Minimum possible sum of squares of two numbers with sum $k$?

Question

If the sum of two numbers is k. Find the minimum value of the sum of their squares.

This is my calculations so far.

a + b = k                <-- google says that I should put x + y = k rather than a + b = k
a² + b² = y                  (but I don't know why should I do that)
(k - b)² + b² = y
k² - 2kb + 2b² = y       <-- now I'm stuck here. I don't know which differentiation variable to take. If it is 'b' then why?
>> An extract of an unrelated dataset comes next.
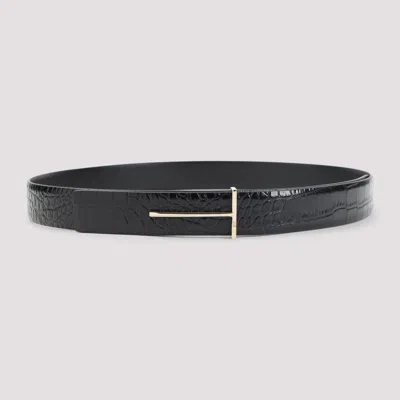 Tom Ford T-buckle Reversible Belt In Croc-embossed Leather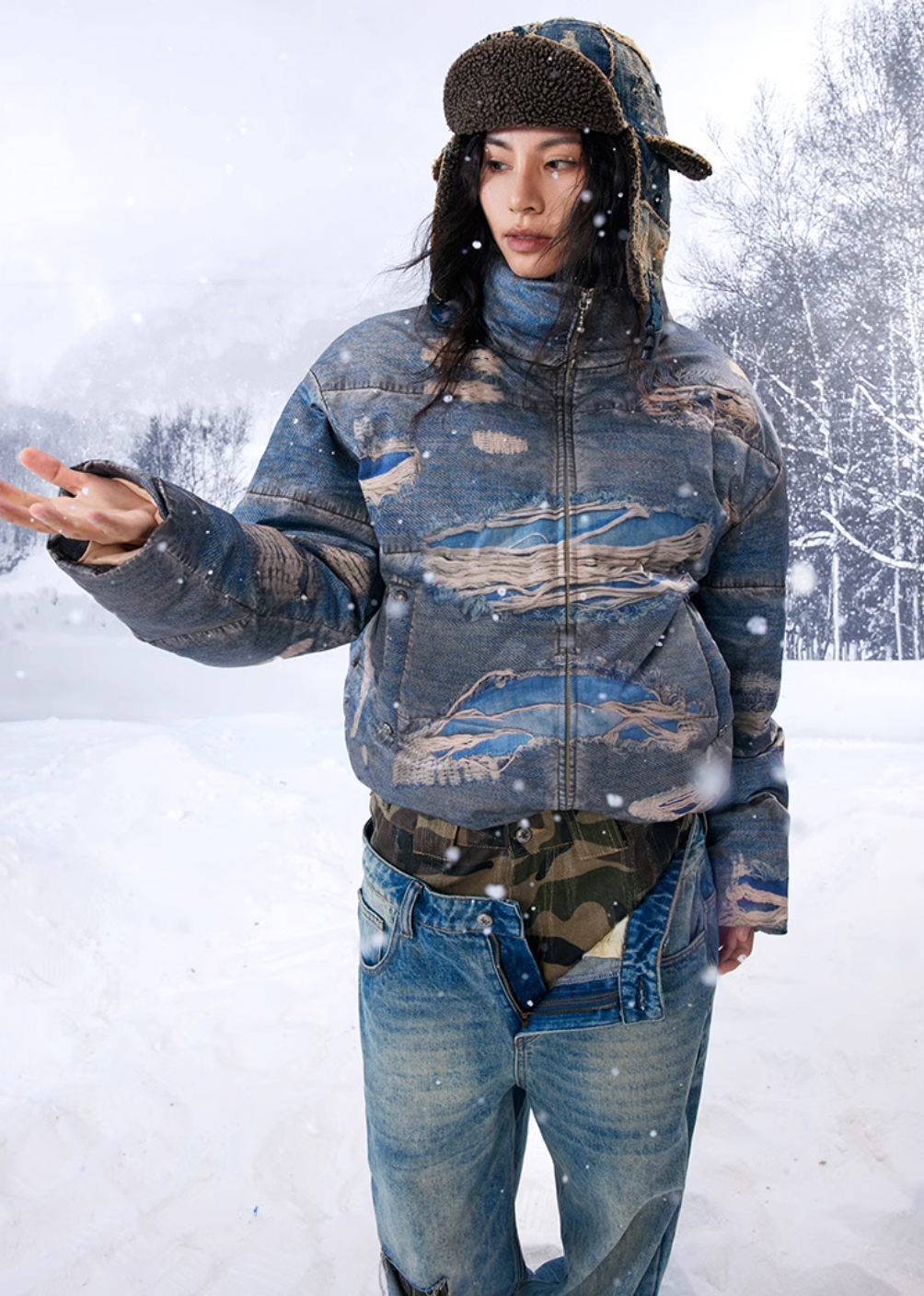 YADcrew Ragged Oil Denim Printed Down Jacket | Face 3 Face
So here I am. Kindly show me how to solve the problem and where did I go wrong in my computations :P

Answer 1

Very simple approach:

You know $a + b = k$. So $$(a+b)^2 = a^2 + 2ab + b^2 = k^2.$$ If you could somehow remove the $2ab$ term, then you'd have the desired sum of squares. Well, you also know that $$(a-b)^2 = a^2 - 2ab + b^2,$$ so if you add the two together, you'd get

$$(a+b)^2 + (a-b)^2 = 2a^2 + 2b^2 = k^2 + (a-b)^2.$$

Therefore, $$a^2 + b^2 = \frac{k^2 + (a-b)^2}{2}.$$

Now, $k$ is a constant, and $(a-b)^2$, being the square of a real number, is never negative, so the right hand side is minimized when you can make $a-b = 0$, and the minimum value attained is $k^2/2$.

Answer 2

Hint: $x^2+y^2 \ge \dfrac{(x+y)^2}{2}$.

Answer 3

I focus on a calculus method given your tags on the question. We are given $a + b = k$. The sum of their squares is given by $a^2 + b^2$. Since $a + b = k$, we hat that $k - b = a$, hence $$g(b) = a^2 + b^2 = (k-b)^2 + b^2 = k^2-2kb+b^2+b^2 = k^2 - 2kb + 2b^2\text{.}$$ $k$ is a fixed value that is known, so $b$ is the only unknown in the expression above. Differentiating the above expression with respect to $b$ and setting that equal to $0$, we obtain $$g^{\prime}(b) = -2k + 4b = 0$$ or $$4b = 2k \implies b = \dfrac{2}{4}k = \dfrac{k}{2} \text{.}$$ Since $b = \dfrac{k}{2}$ and $a + b = k$, it follows that $$a = k - b = k - \dfrac{k}{2} = \dfrac{k}{2}\text{.}$$ Hence from setting the derivative equal to $0$, we obtain $a = b = \dfrac{k}{2}$.

Next, we must demonstrate that this solution is a minimum. We have $$g^{\prime\prime}(b) = 4 > 0$$ for any $b$, hence by the second derivative test, the solution $a = b = \dfrac{k}{2}$ must be a minimum.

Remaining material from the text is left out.